Why it is fatal. A classifier is probabilistic; it fails open on the inputs it was not trained for, and an attacker only needs one. Guardrails describe intentions; they do not enforce boundaries. See Why Guardrails Fail.
The fix. Enforce at the harness, fail-closed: the agent can only touch declared domains, may only call kcp_plan and kcp_load, and every operation is charged against a budget ceiling that throws before it records. A classifier can still sit at the edge as defence in depth — it just is not the thing standing between the agent and your data.
policy:
fail_closed: true
audit_all: true
max_units: 1000
strict: true
budget: { amount: 1000, currency: units }
context_budget: 200000
Honest limit. Fail-closed can be over-tuned into blocking legitimate work. If the ceiling or the domain list is too tight, real tasks stall. Governance is a dial you maintain, not a switch you flip once.
5. No temporal pin¶
The anti-pattern. A score is stored as a bare number with a timestamp of when it was written, not what data it saw. Months later nobody can tell whether it reflects current reality or a signal that decayed long ago — and in Lodestar signal freshness has a ~30-day half-life, so a stale score is not a rounding error, it is a different score.
The fix. Every score creates a pin — { scoredAt, dataAsOf, signalDates[], modelVersion, modelHash } — and a drift check compares it against current state (data, model, or temporal drift). See Temporal Pinning.
Honest limit. A pin detects staleness; it does not refresh the data. It tells you a decision is old, then you decide whether to reanalyse.
6. Weight-tuning to the answer¶
The anti-pattern. The stakeholder wanted a particular buyer to land in "Very high", so someone nudged the layer weights until it did. The planner is now a machine for producing the conclusion you already had.
Why it is fatal. Reproducibility is intact and worthless — you have made the model consistently confirm a bias, and the audit trail dutifully records it.
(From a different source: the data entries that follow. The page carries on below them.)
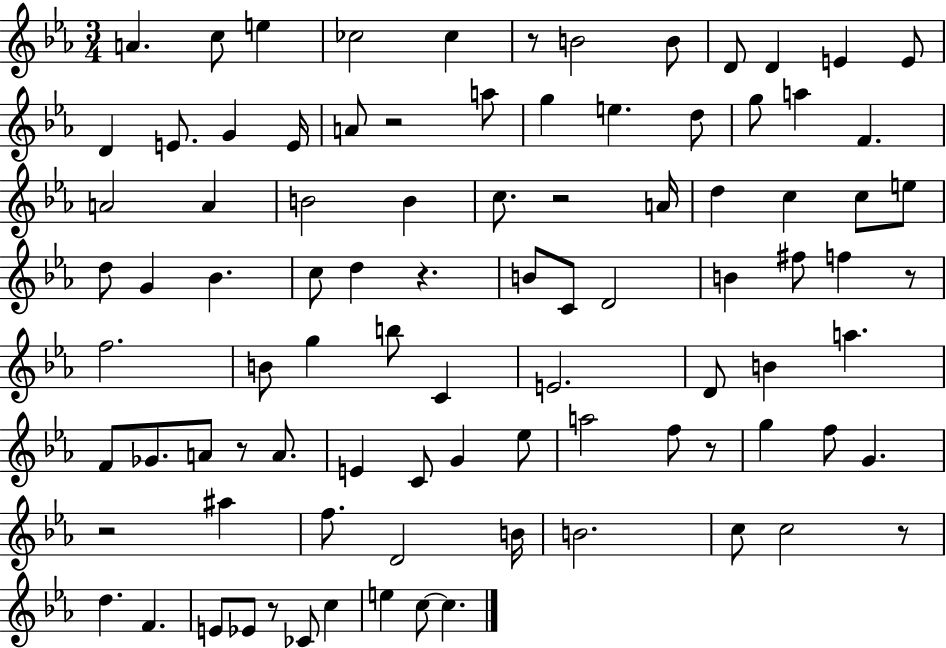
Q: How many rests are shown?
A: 10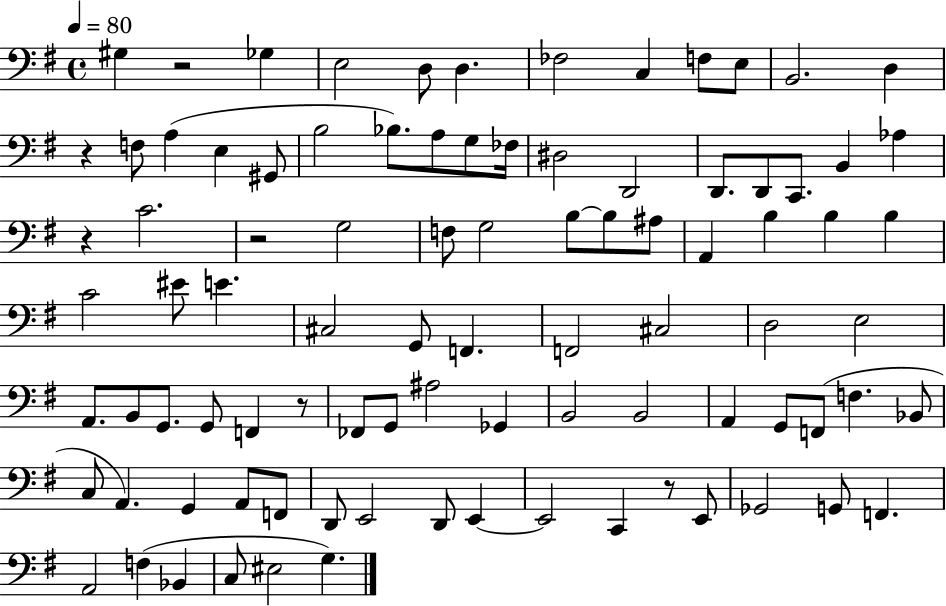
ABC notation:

X:1
T:Untitled
M:4/4
L:1/4
K:G
^G, z2 _G, E,2 D,/2 D, _F,2 C, F,/2 E,/2 B,,2 D, z F,/2 A, E, ^G,,/2 B,2 _B,/2 A,/2 G,/2 _F,/4 ^D,2 D,,2 D,,/2 D,,/2 C,,/2 B,, _A, z C2 z2 G,2 F,/2 G,2 B,/2 B,/2 ^A,/2 A,, B, B, B, C2 ^E/2 E ^C,2 G,,/2 F,, F,,2 ^C,2 D,2 E,2 A,,/2 B,,/2 G,,/2 G,,/2 F,, z/2 _F,,/2 G,,/2 ^A,2 _G,, B,,2 B,,2 A,, G,,/2 F,,/2 F, _B,,/2 C,/2 A,, G,, A,,/2 F,,/2 D,,/2 E,,2 D,,/2 E,, E,,2 C,, z/2 E,,/2 _G,,2 G,,/2 F,, A,,2 F, _B,, C,/2 ^E,2 G,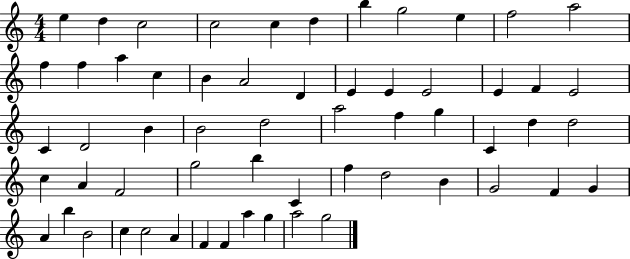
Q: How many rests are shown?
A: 0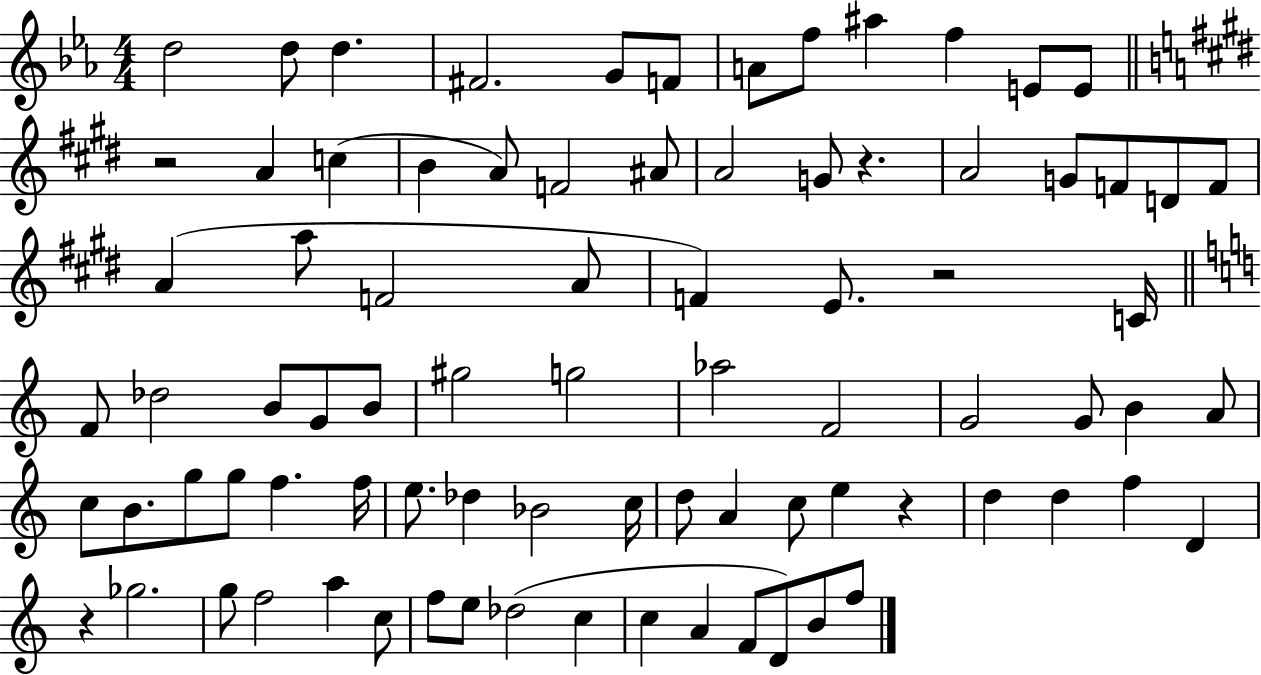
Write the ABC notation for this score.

X:1
T:Untitled
M:4/4
L:1/4
K:Eb
d2 d/2 d ^F2 G/2 F/2 A/2 f/2 ^a f E/2 E/2 z2 A c B A/2 F2 ^A/2 A2 G/2 z A2 G/2 F/2 D/2 F/2 A a/2 F2 A/2 F E/2 z2 C/4 F/2 _d2 B/2 G/2 B/2 ^g2 g2 _a2 F2 G2 G/2 B A/2 c/2 B/2 g/2 g/2 f f/4 e/2 _d _B2 c/4 d/2 A c/2 e z d d f D z _g2 g/2 f2 a c/2 f/2 e/2 _d2 c c A F/2 D/2 B/2 f/2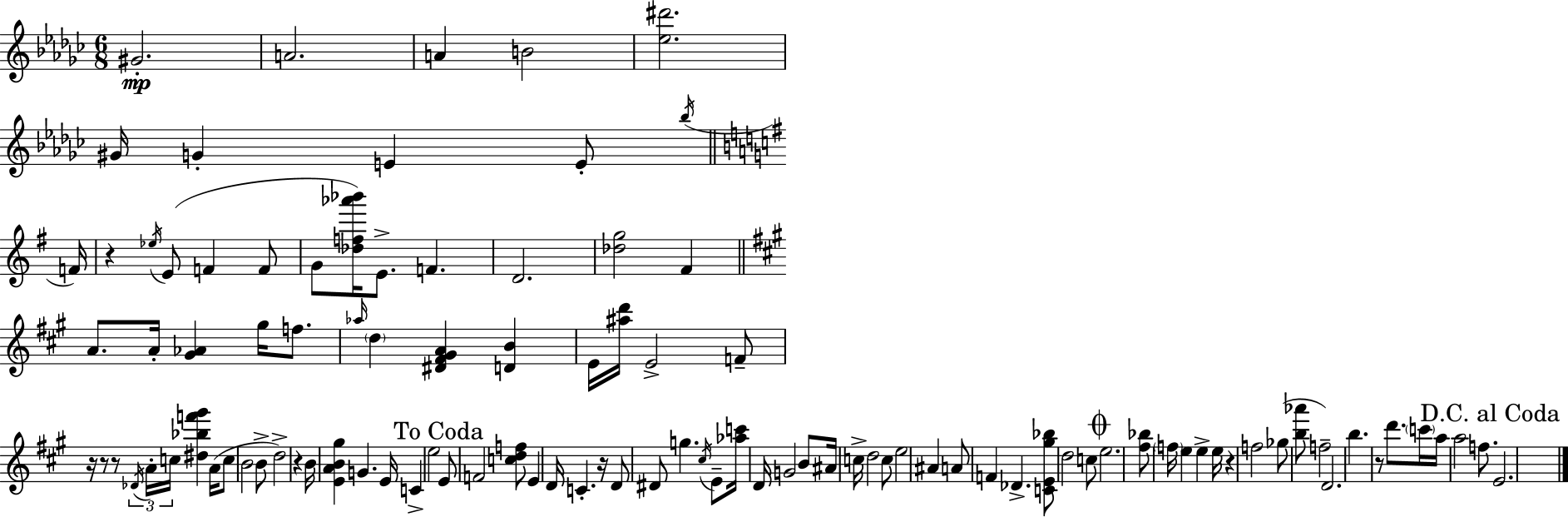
X:1
T:Untitled
M:6/8
L:1/4
K:Ebm
^G2 A2 A B2 [_e^d']2 ^G/4 G E E/2 _b/4 F/4 z _e/4 E/2 F F/2 G/2 [_df_a'_b']/4 E/2 F D2 [_dg]2 ^F A/2 A/4 [^G_A] ^g/4 f/2 _a/4 d [^D^F^GA] [DB] E/4 [^ad']/4 E2 F/2 z/4 z/2 z/2 _D/4 A/4 c/4 [^d_bf'^g'] A/4 c/2 B2 B/2 d2 z B/4 [EAB^g] G E/4 C e2 E/2 F2 [cdf]/2 E D/4 C z/4 D/2 ^D/2 g ^c/4 E/2 [_ac']/4 D/4 G2 B/2 ^A/4 c/4 d2 c/2 e2 ^A A/2 F _D [CE^g_b]/2 d2 c/2 e2 [^f_b]/2 f/4 e e e/4 z f2 _g/2 [b_a']/2 f2 D2 b z/2 d'/2 c'/4 a/4 a2 f/2 E2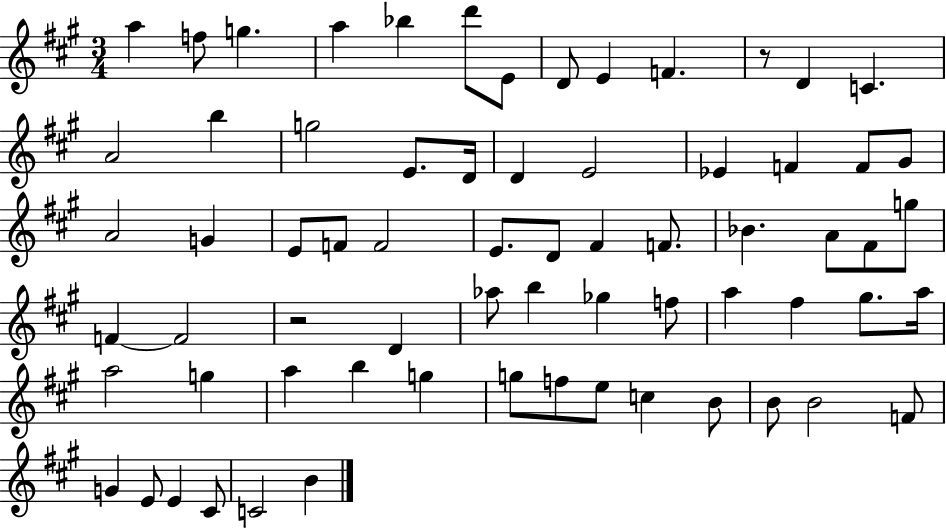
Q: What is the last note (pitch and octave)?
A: B4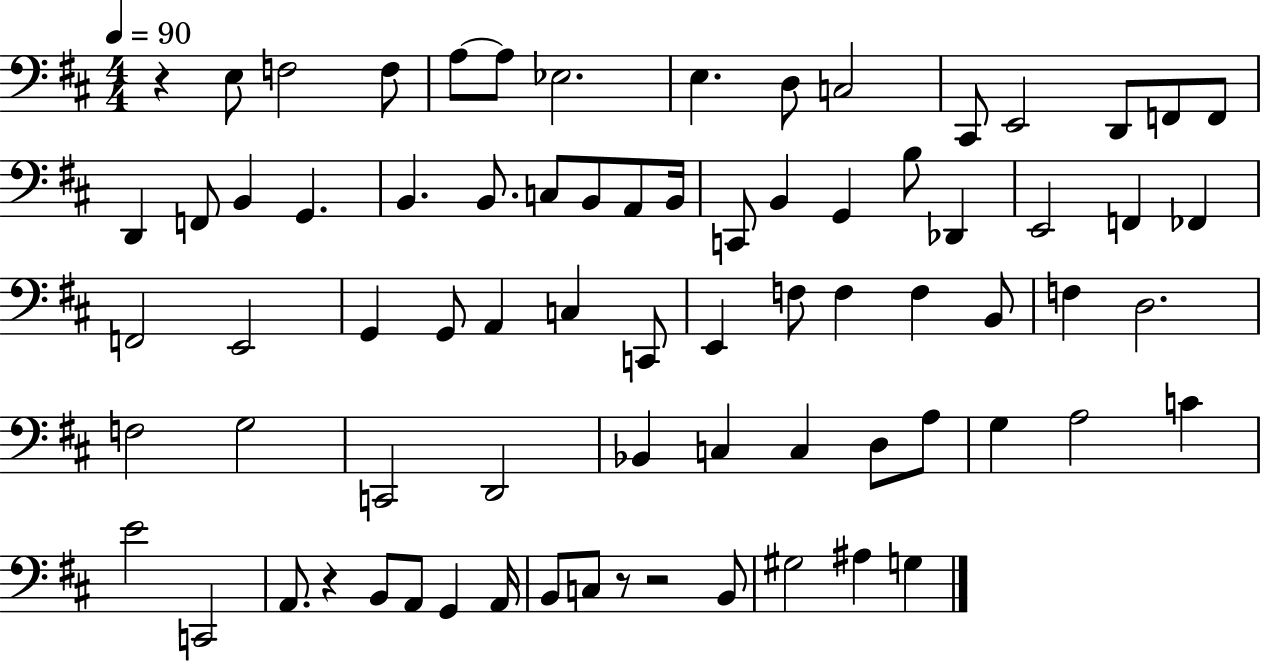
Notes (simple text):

R/q E3/e F3/h F3/e A3/e A3/e Eb3/h. E3/q. D3/e C3/h C#2/e E2/h D2/e F2/e F2/e D2/q F2/e B2/q G2/q. B2/q. B2/e. C3/e B2/e A2/e B2/s C2/e B2/q G2/q B3/e Db2/q E2/h F2/q FES2/q F2/h E2/h G2/q G2/e A2/q C3/q C2/e E2/q F3/e F3/q F3/q B2/e F3/q D3/h. F3/h G3/h C2/h D2/h Bb2/q C3/q C3/q D3/e A3/e G3/q A3/h C4/q E4/h C2/h A2/e. R/q B2/e A2/e G2/q A2/s B2/e C3/e R/e R/h B2/e G#3/h A#3/q G3/q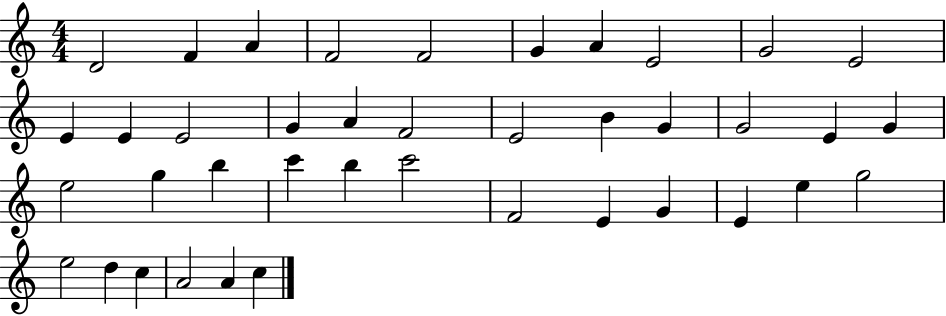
{
  \clef treble
  \numericTimeSignature
  \time 4/4
  \key c \major
  d'2 f'4 a'4 | f'2 f'2 | g'4 a'4 e'2 | g'2 e'2 | \break e'4 e'4 e'2 | g'4 a'4 f'2 | e'2 b'4 g'4 | g'2 e'4 g'4 | \break e''2 g''4 b''4 | c'''4 b''4 c'''2 | f'2 e'4 g'4 | e'4 e''4 g''2 | \break e''2 d''4 c''4 | a'2 a'4 c''4 | \bar "|."
}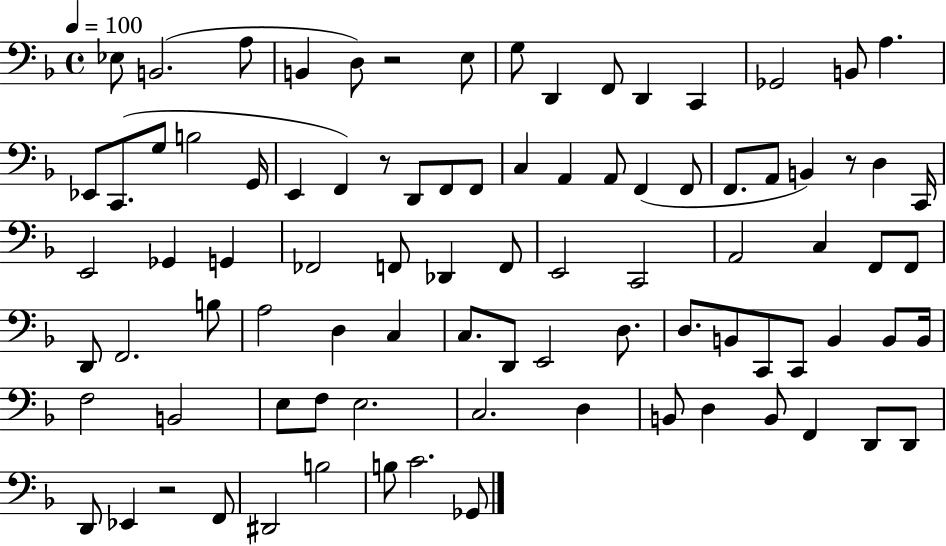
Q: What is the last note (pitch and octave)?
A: Gb2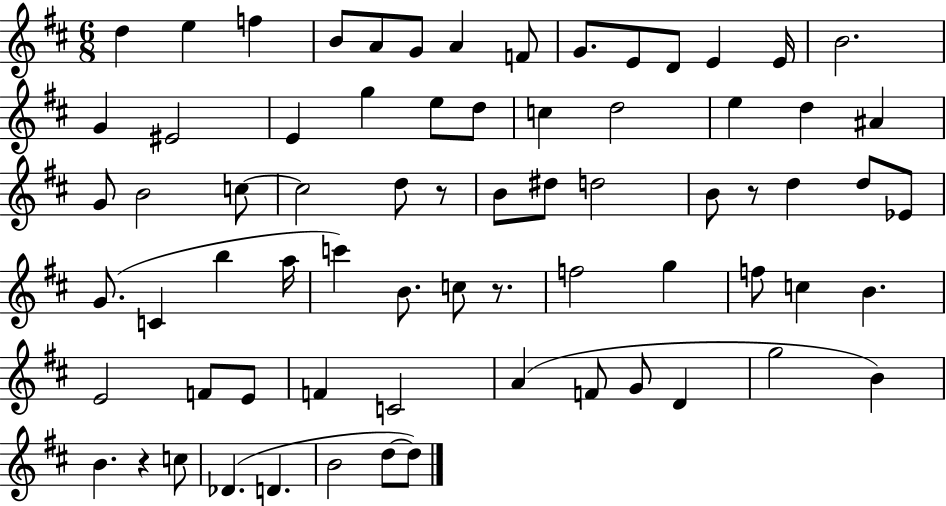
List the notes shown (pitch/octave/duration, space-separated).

D5/q E5/q F5/q B4/e A4/e G4/e A4/q F4/e G4/e. E4/e D4/e E4/q E4/s B4/h. G4/q EIS4/h E4/q G5/q E5/e D5/e C5/q D5/h E5/q D5/q A#4/q G4/e B4/h C5/e C5/h D5/e R/e B4/e D#5/e D5/h B4/e R/e D5/q D5/e Eb4/e G4/e. C4/q B5/q A5/s C6/q B4/e. C5/e R/e. F5/h G5/q F5/e C5/q B4/q. E4/h F4/e E4/e F4/q C4/h A4/q F4/e G4/e D4/q G5/h B4/q B4/q. R/q C5/e Db4/q. D4/q. B4/h D5/e D5/e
The fix. Treat weights and bands as versioned, declared artefacts governed as KCP units, changed through review with a rationale, never in-session to hit a target. See Versioning Models and Layers, Weights & Bands. A weight change should be a commit you can defend, not a knob you turned in a meeting.
The through-line: defendability is not something you add at the end, and it is not a feature you can demo. It is a set of properties — append-only capture, deterministic composition, temporal pinning, fail-closed enforcement, governed weights — that a shortcut removes silently. Governance is maintenance, not one-time setup. When in doubt, ask the audit question first: if someone challenges this decision a year from now, what do I hand them?